Bruce King-Shey is passionate about helping companies grow through design and innovation. He addresses challenging, yet promising opportunities by combining business strategy, product design, and social science to determine where to play and then execute to win. He leads multi-disciplinary teams to deliver real business value and results by developing emotional product experiences, scalable business models and platform roadmaps. Bruce is currently the head of design for the Data+Design team at JPMorgan where he develops new data products utilizing the massive amount of the bank's client data. Prior to that role, Bruce was Vice President, Head of Global Design Innovation for PepsiCo in New York. Previous to joining PepsiCo, Bruce was Vice President of Strategy at Jump Associates and led its New York City office. Bruce taught innovation and new business creation across a wide variety of industries and academic institutions, both in the United States and internationally. He has written articles for publication and presented at numerous conferences around the United States and internationally about the impacts of culture on the production of design. He holds a B.F.A in industrial design and an M.A. in visual criticism from California College of the Arts. He also earned a B.S. in civil engineering from Johns Hopkins University.

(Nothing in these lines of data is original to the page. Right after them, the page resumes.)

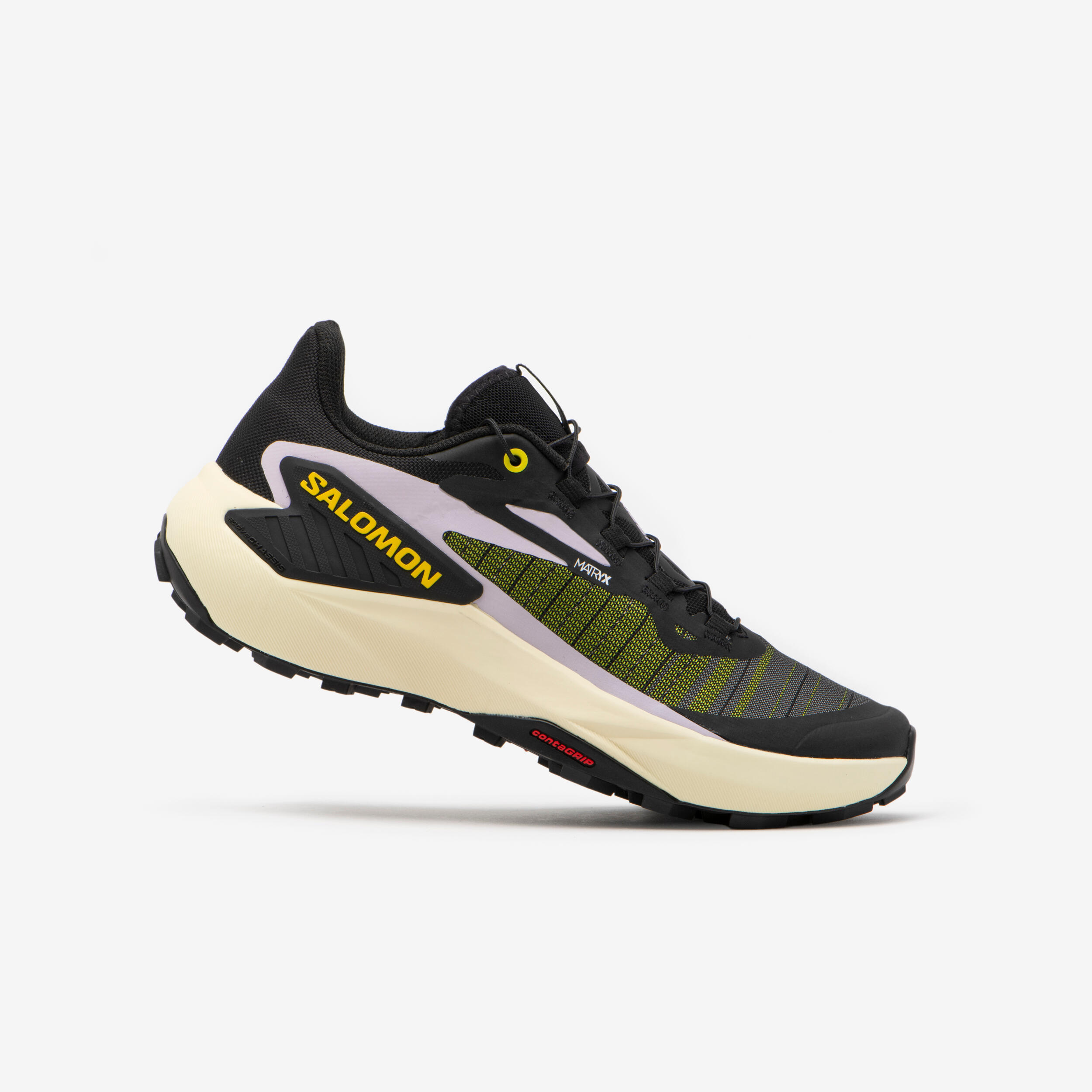 WOMEN'S SALOMON GENESIS TRAIL RUNNING SHOES - BLACK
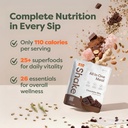310 Nutrition All-In-One Meal Replacement Shake Powder - Plant-Based Protein Smoothie Blend w/High Fiber, Probiotics & Adaptogens - Low Carb, Vegan, Keto & Paleo Friendly - Chocolate Bliss - 14 Srv 4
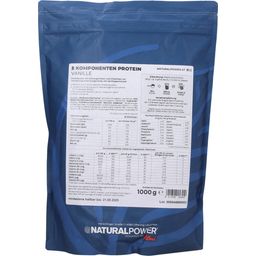 Natural Power 5 Komponenten Protein 1000g - Vanille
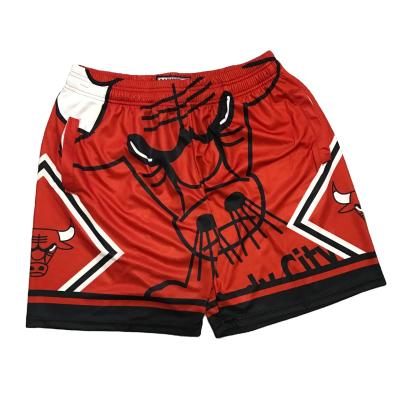 China Custom Logo Quick Dry Breathable Mesh Antibacterial Sublimated Red Mens Basketball Abbreviations Mens for sale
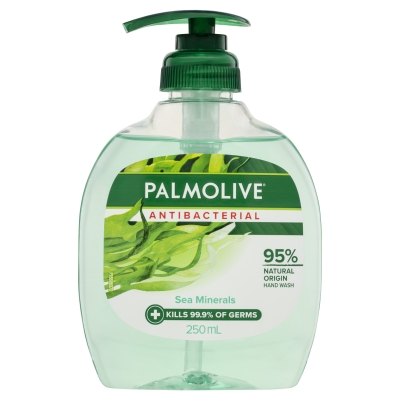 Palmolive Liquid Hand Wash Antibacterial Sea Minerals Pump 250ml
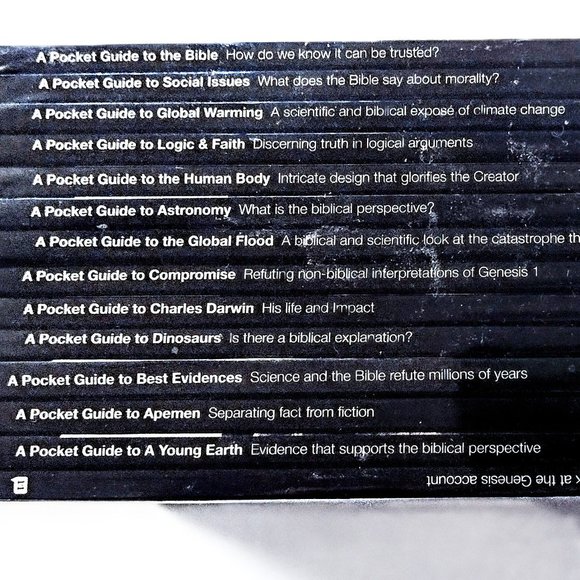 Answers in Genesis Biblical Scientific Pocket Guide Set ~ 14 Topics ~ NEW-SEALED - Picture 5 of 14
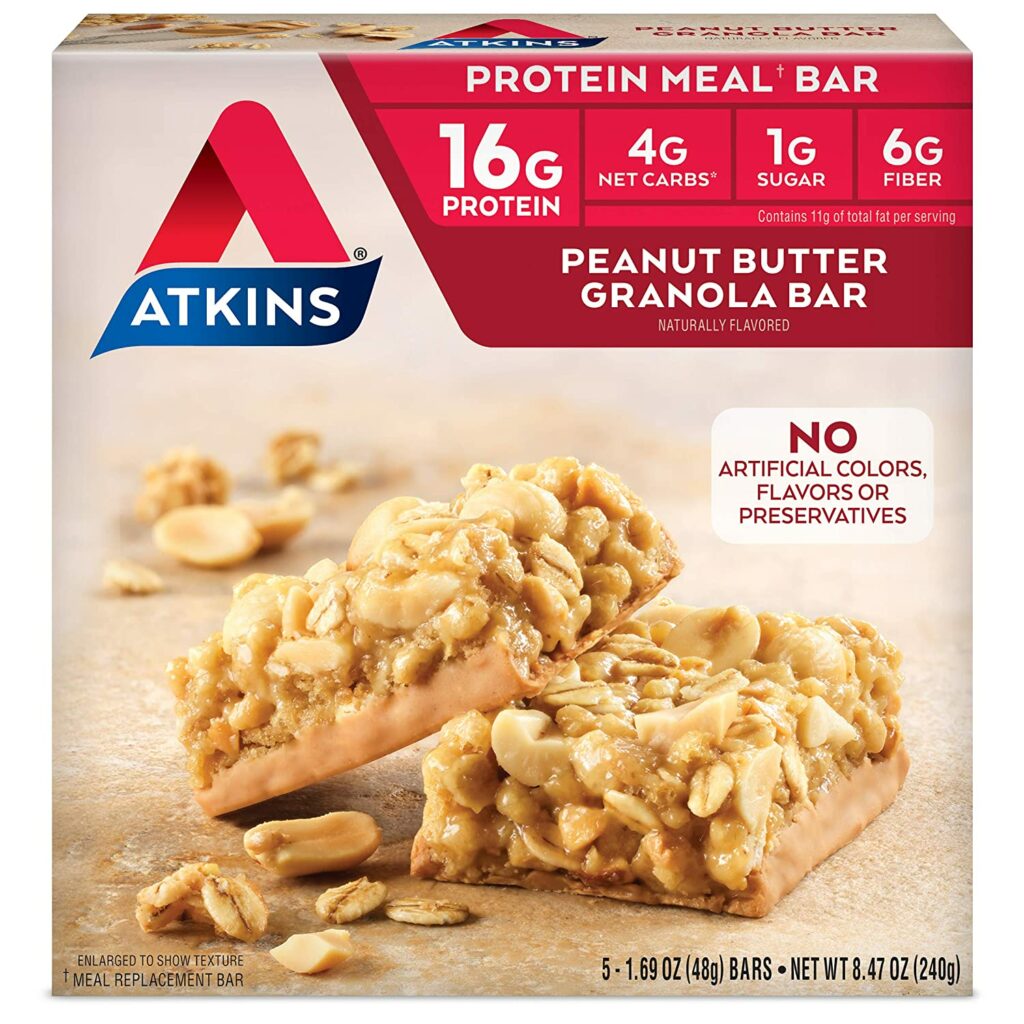 Atkins Peanut Butter Granola Keto-Friendly Protein Meal Bar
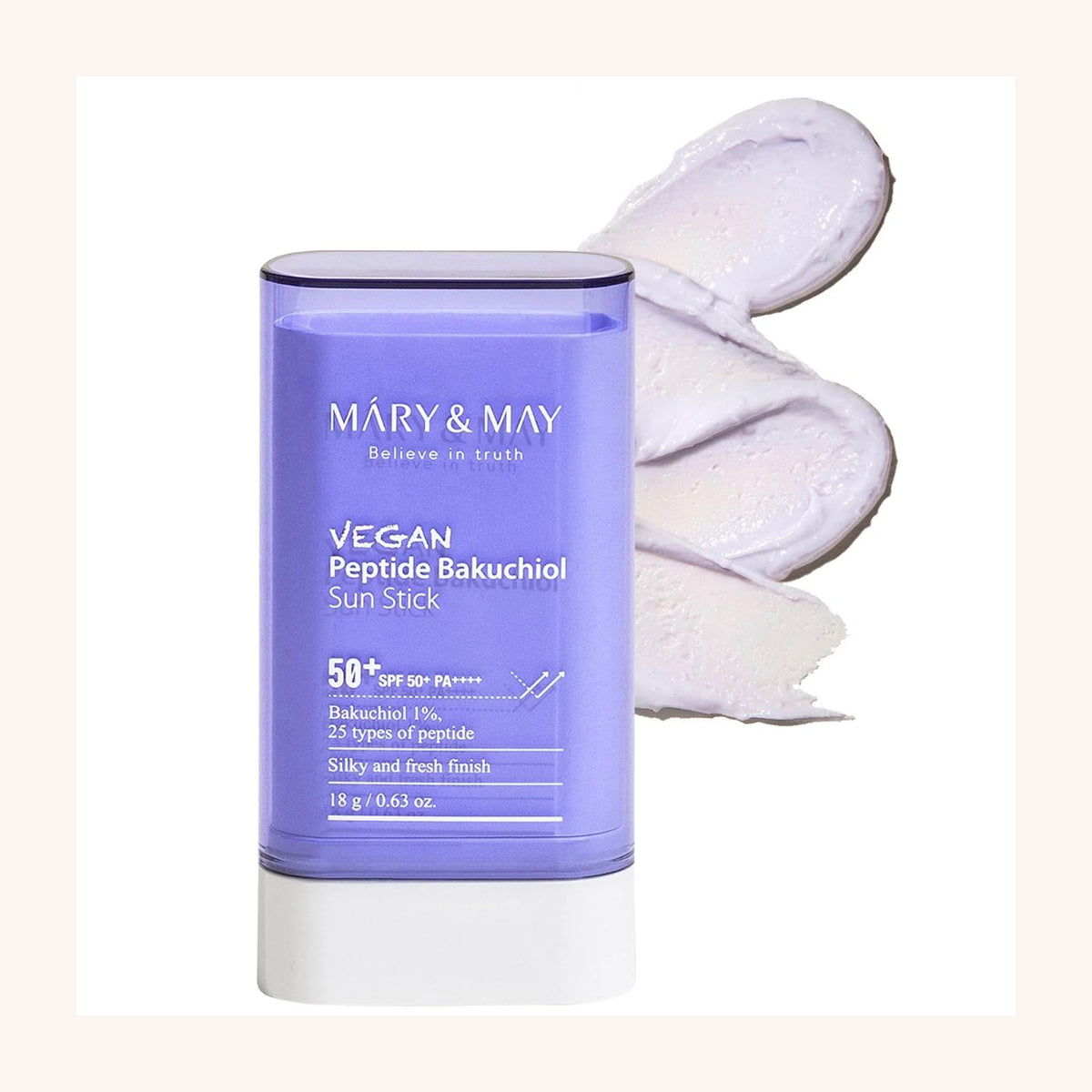 Mary and May Vegan Peptide Bakuchiol Sun Stick SPF50+ 18g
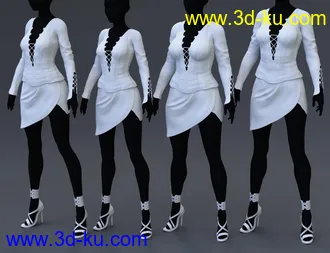 3D打印模型Descant Outfit for Genesis 8 Female(s)的图片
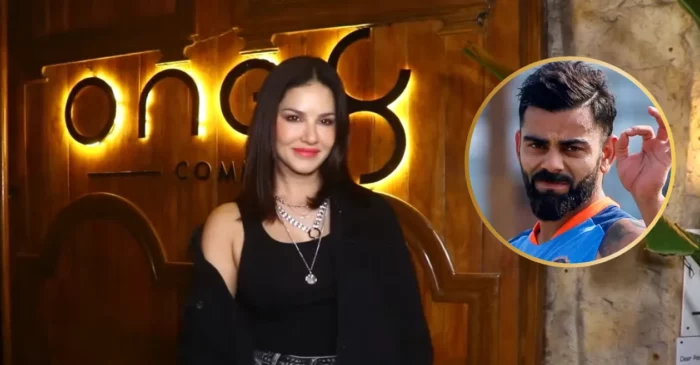Actress Sunny Leone spotted at Virat Kohli’s restaurant in Mumbai, pictures go viral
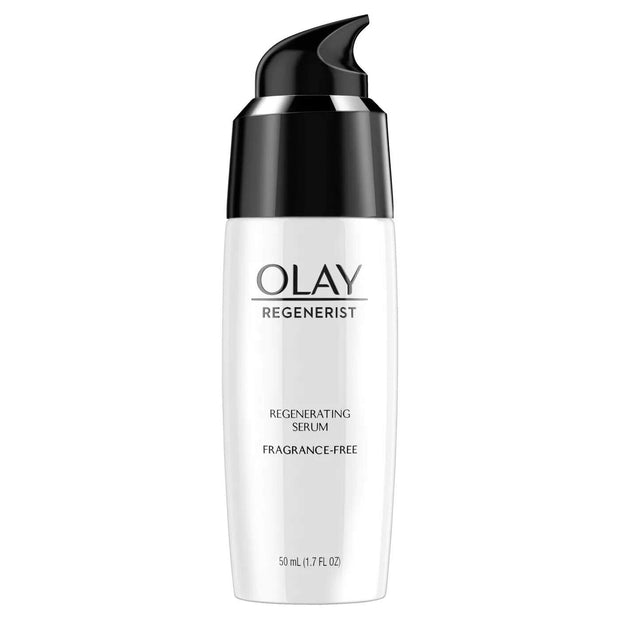 Olay Serum, Regenerist Light Gel Face Mousturizer, Fragrance-Free - Anti-Aging, Anti-Wrinkle, Hydrating, Firming, Smoothening, Improves Fine Lines and Elasticity - Amino Peptide Complex, 1.7 oz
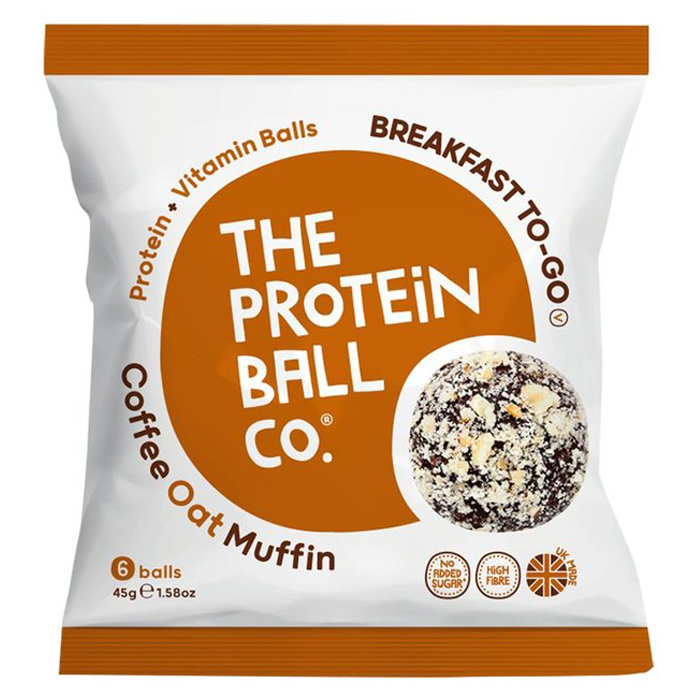 The Protein Ball Co Coffee Oat Muffin Protein + Vitamin Balls (Breakfast To-Go) 10x45g - Sports Nutrition at MySupplementShop by The Protein Ball Co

Joyce Chen is passionate about translating vision and strategy into concrete, real-life experiences and interactions, as well as helping teams set up the environment and adopt the behaviors to enable collaborative, human-centered product development. In her four years at Capital One she has created and scaled design thinking training, helped set up an accelerator operating model for Capital One Labs, and is currently leading the strategic design and execution of Capital One’s in-person retail experiences. Prior to joining Capital One, Joyce helped companies like Target, PepsiCo, GE, and Energizer define new business opportunities and re-invent existing businesses as a design and innovation consultant at Jump Associates in New York City. She holds an M.Design from the Institute of Design at Illinois Institute of Technology and a B.S. from Stanford University. She lives in Washington, D.C. and spends the majority of her time outside of work experimenting with her sourdough starter, trying to stay active and (most importantly) getting schooled in parenting by her two young children, Julian (4) and Rose (2).